> [DATASET SECTION]:
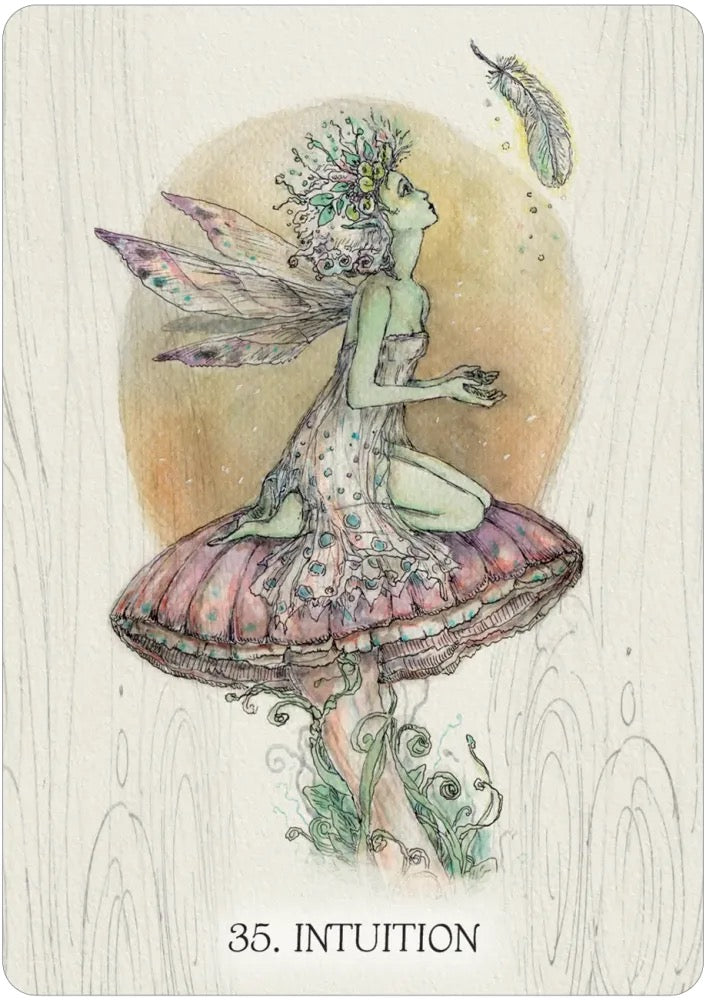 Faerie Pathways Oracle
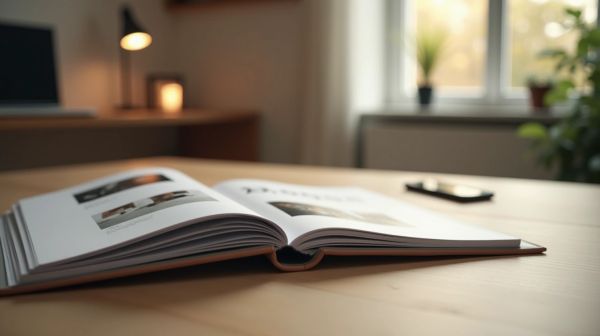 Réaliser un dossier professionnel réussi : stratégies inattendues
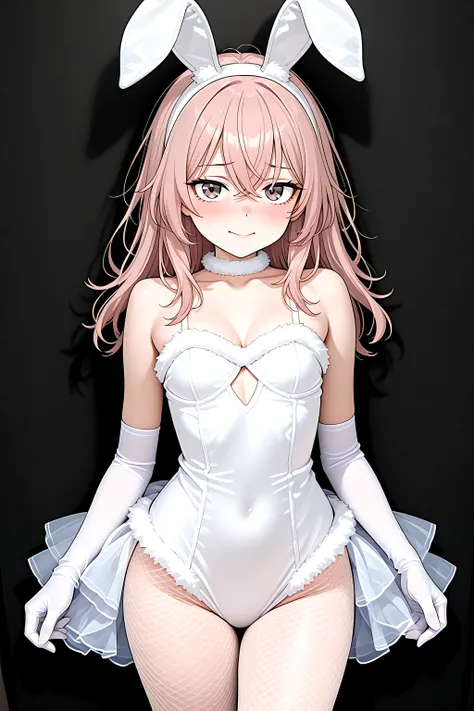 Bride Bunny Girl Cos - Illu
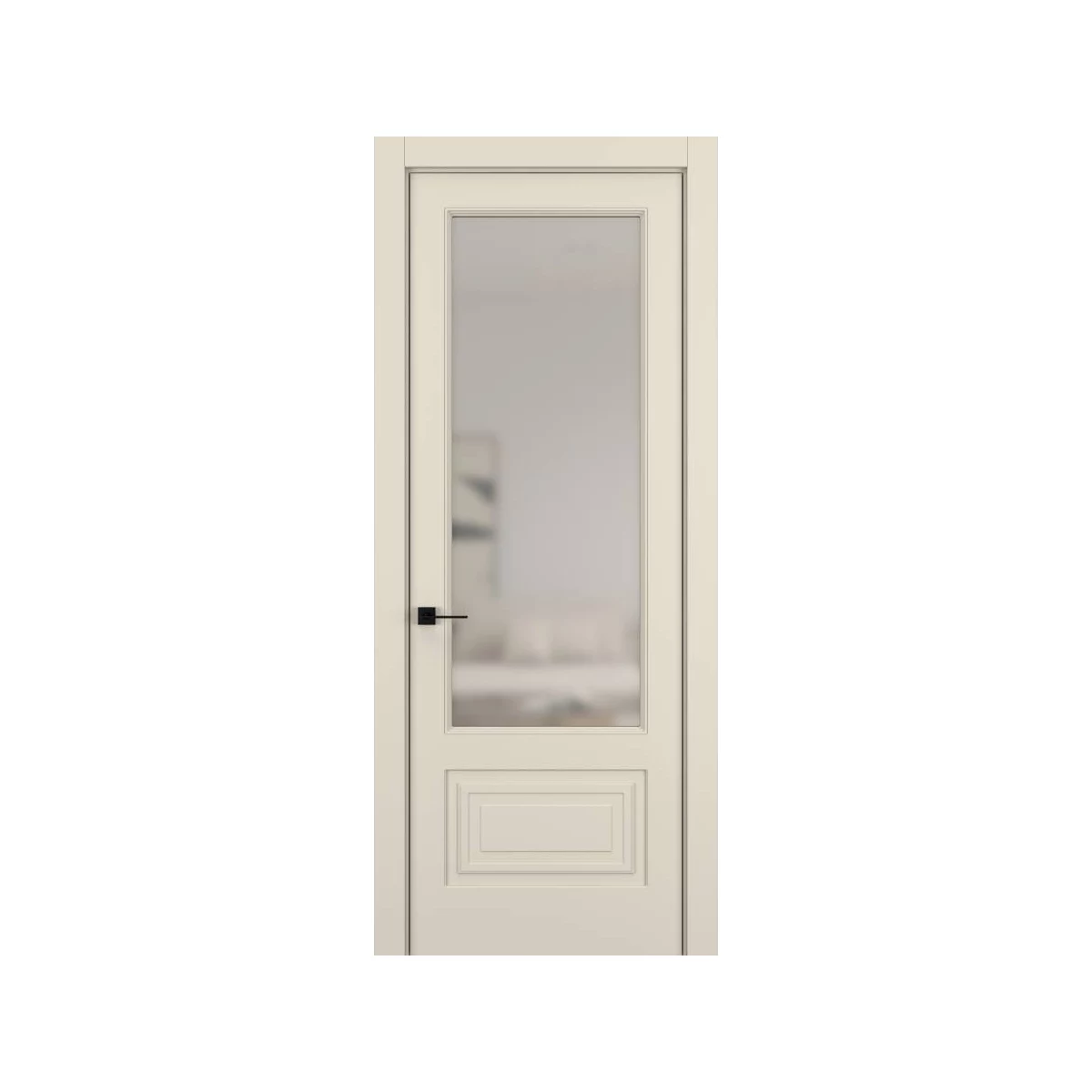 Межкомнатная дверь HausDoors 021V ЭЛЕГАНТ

> [EXERCISE]: With pictures left out, print the lines of the material above from the line containing "Bride Bunny Girl Cos - Illu" through its last line, exactly and nothing more.

> [ANSWER TO THIS PROBLEM]:
 Bride Bunny Girl Cos - Illu
 Межкомнатная дверь HausDoors 021V ЭЛЕГАНТ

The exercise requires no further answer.